John Catsimatidis: I believe there should be an alternative method, I think possibly instead of shooting them or killing them, we should be putting them to sleep and try to move them some place. Well, you know, if you’re just going to kill them and new geese are going to fly in, what are you gonna do kill the new geese too? Let’s be smart about this. In addition, I didn’t hear anything about what my opponent wanted to do, which is killing all the deer in Staten Island [Joe Lhota].
Christine Quinn (was invited but) declined to attend.
On Wednesday, June 26, 2013, GooseWatch NYC and In Defense of Animals had a press conference and rally at Merchant’s Gate (Columbus Circle) Central Park to speak out against the killing of Canada geese in New York City.

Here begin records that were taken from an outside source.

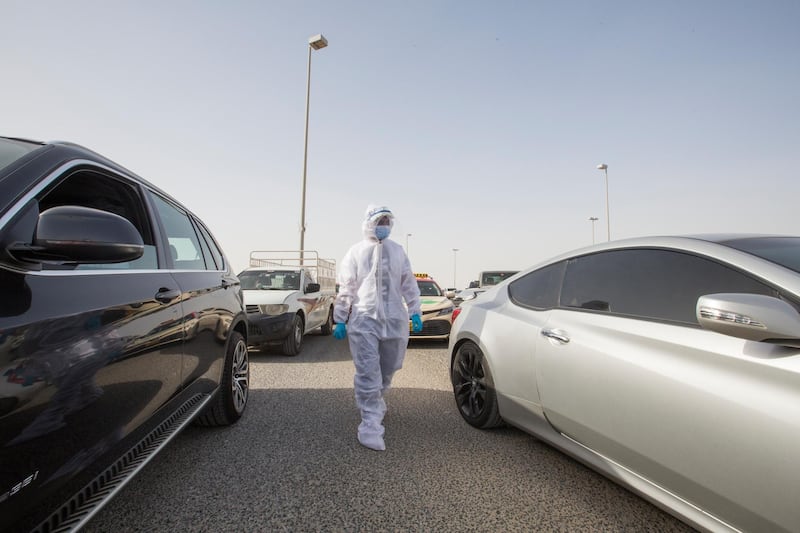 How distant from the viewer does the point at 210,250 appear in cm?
361

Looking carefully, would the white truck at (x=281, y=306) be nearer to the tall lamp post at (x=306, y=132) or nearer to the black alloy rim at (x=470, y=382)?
the black alloy rim at (x=470, y=382)

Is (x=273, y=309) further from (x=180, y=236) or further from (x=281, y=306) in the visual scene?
(x=180, y=236)

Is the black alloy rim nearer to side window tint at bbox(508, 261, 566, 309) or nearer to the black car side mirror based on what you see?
side window tint at bbox(508, 261, 566, 309)

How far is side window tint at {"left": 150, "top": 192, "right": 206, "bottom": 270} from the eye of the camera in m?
2.66

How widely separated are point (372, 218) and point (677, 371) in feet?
8.10

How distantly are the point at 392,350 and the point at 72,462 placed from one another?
240 centimetres

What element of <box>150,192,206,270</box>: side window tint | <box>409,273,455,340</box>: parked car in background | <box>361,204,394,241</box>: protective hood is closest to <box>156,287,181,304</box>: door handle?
<box>150,192,206,270</box>: side window tint

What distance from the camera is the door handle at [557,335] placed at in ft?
7.74

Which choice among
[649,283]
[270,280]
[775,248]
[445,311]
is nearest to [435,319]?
[445,311]

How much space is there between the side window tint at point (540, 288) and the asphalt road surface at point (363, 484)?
1.07 metres

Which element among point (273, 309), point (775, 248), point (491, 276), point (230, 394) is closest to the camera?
point (775, 248)

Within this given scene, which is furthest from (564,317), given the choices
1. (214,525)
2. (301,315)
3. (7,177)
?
(301,315)

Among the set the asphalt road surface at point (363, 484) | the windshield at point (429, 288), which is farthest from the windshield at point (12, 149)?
the windshield at point (429, 288)

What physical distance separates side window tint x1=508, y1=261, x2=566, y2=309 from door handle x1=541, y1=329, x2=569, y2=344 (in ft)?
0.86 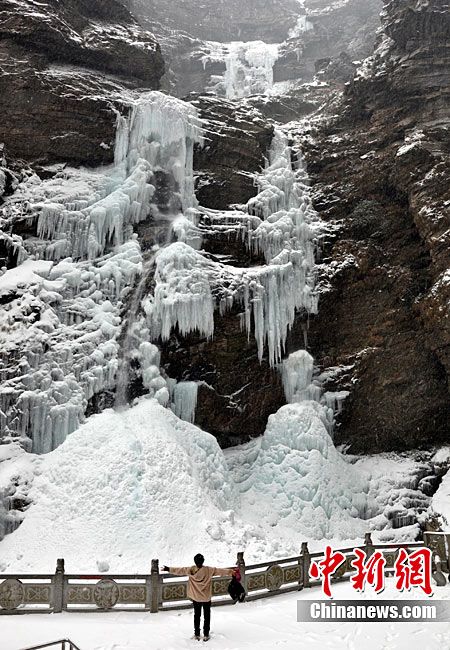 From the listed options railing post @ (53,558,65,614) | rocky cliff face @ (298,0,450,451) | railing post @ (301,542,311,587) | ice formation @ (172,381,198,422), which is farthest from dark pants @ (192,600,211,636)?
rocky cliff face @ (298,0,450,451)

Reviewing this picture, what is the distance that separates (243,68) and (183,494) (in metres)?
44.2

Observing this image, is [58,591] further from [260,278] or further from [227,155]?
[227,155]

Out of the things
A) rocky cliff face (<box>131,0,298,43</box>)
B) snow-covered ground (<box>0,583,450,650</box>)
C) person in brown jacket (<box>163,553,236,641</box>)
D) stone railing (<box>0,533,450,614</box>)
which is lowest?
snow-covered ground (<box>0,583,450,650</box>)

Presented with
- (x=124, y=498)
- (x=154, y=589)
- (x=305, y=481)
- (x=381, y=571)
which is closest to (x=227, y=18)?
(x=305, y=481)

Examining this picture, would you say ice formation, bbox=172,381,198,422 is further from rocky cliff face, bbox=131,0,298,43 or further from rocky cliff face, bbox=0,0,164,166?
rocky cliff face, bbox=131,0,298,43

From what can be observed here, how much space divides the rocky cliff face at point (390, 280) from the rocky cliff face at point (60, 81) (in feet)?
34.2

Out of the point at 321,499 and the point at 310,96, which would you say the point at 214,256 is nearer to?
the point at 321,499

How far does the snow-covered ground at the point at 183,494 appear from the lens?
532 inches

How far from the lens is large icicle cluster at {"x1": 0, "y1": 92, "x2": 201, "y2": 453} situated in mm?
16375

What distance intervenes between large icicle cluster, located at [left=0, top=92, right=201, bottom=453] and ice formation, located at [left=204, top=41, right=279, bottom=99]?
26.0m

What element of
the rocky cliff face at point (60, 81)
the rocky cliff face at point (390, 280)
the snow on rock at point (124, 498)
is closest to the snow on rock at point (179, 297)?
the snow on rock at point (124, 498)

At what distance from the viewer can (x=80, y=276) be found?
18641 mm

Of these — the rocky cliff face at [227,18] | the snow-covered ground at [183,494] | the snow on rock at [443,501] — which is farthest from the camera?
the rocky cliff face at [227,18]

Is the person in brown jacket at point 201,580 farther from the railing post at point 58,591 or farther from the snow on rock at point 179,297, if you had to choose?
the snow on rock at point 179,297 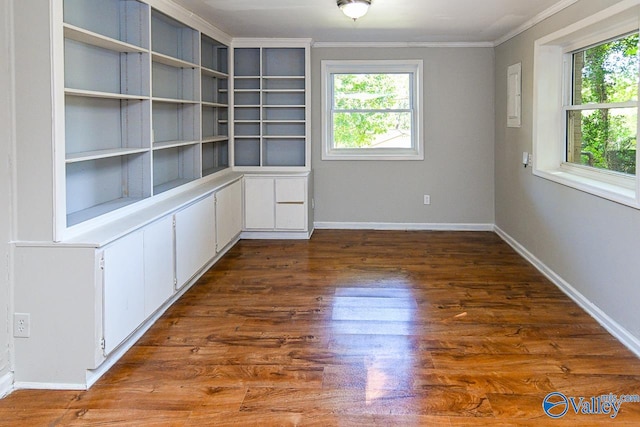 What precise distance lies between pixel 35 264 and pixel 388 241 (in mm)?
4421

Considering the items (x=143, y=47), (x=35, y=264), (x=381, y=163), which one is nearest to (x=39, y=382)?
(x=35, y=264)

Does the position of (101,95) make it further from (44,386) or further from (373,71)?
(373,71)

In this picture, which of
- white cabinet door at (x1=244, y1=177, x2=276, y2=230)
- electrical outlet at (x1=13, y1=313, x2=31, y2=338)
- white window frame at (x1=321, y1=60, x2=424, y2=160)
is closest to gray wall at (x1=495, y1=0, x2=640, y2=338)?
white window frame at (x1=321, y1=60, x2=424, y2=160)

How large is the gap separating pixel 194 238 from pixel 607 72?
337 cm

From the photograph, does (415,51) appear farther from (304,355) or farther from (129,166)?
(304,355)

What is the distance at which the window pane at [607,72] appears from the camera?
165 inches

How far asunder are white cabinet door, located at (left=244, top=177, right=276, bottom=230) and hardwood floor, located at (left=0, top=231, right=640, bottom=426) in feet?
4.99

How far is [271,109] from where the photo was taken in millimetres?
7461

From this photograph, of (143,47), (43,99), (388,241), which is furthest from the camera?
(388,241)

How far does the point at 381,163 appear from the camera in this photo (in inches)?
297

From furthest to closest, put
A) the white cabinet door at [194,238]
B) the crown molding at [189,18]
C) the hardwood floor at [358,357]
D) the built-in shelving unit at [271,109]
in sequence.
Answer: the built-in shelving unit at [271,109]
the crown molding at [189,18]
the white cabinet door at [194,238]
the hardwood floor at [358,357]

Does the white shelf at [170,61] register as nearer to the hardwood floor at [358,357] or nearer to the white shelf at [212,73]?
the white shelf at [212,73]

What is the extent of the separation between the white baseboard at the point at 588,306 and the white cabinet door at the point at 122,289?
9.29 ft

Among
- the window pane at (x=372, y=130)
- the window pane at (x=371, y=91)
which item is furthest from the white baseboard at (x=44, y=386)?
the window pane at (x=371, y=91)
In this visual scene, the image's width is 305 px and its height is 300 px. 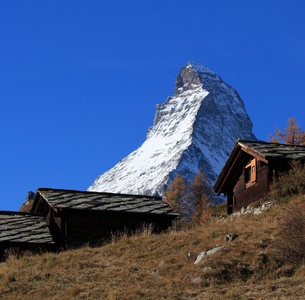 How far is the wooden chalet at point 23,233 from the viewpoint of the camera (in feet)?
83.2

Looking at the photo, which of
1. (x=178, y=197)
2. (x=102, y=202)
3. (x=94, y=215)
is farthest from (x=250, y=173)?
(x=178, y=197)

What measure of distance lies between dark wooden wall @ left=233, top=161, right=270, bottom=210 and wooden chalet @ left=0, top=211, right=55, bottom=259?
995 cm

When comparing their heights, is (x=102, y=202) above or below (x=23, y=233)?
above

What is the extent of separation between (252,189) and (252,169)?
3.24ft

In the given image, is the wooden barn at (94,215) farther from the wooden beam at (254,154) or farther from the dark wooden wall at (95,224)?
the wooden beam at (254,154)

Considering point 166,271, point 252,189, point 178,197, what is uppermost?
point 178,197

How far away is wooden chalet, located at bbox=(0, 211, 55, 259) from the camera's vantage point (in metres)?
25.4

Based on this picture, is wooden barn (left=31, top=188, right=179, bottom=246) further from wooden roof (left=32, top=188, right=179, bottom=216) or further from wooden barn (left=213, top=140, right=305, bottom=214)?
wooden barn (left=213, top=140, right=305, bottom=214)

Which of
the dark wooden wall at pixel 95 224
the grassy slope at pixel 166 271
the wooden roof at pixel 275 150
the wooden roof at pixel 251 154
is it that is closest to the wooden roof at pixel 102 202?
the dark wooden wall at pixel 95 224

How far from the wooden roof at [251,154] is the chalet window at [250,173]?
0.49 metres

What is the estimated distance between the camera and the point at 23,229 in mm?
26891

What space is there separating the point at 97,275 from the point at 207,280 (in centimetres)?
351

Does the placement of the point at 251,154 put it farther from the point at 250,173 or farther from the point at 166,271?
the point at 166,271

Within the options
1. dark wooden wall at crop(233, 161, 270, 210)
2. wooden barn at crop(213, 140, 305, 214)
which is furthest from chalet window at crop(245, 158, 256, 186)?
dark wooden wall at crop(233, 161, 270, 210) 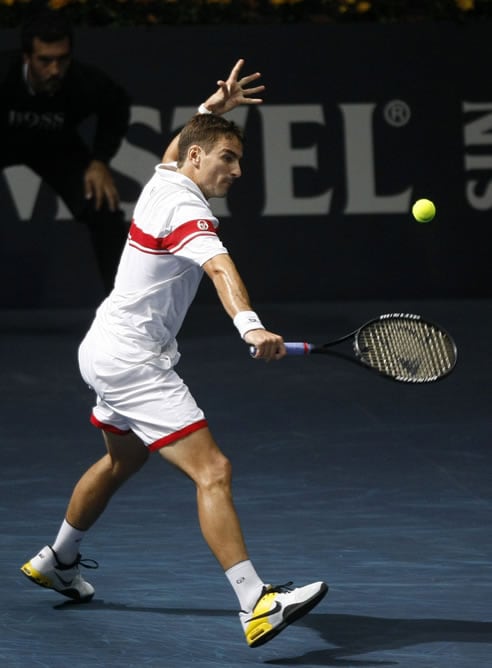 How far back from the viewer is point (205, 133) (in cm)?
515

The speakers were David Karopkin, Founder and Director of GooseWatch NYC, Ken Paskar, President of Friends of La Guardia Airport and former lead safety representative for the FAA Safety Team; Anja Heister, M.S. Biologist and Director of the Wild and Free-Habitats Campaign; Brian Shapiro, NY State Director of The Humane Society of the United States; Edita Birnkrant, NY Director of Friends of Animals; Suzanne Soehner, resident of the Inwood Hill Park community and Mary Beth Purdy Artz, NYC Wildlife Advocate.
We hope the next NYC Mayor will end the contract with the USDA. You can help us. Vote for somebody who you think is going to protect us and will end the roundups in NYC parks and the Jamaica Bay Wildlife Refuge.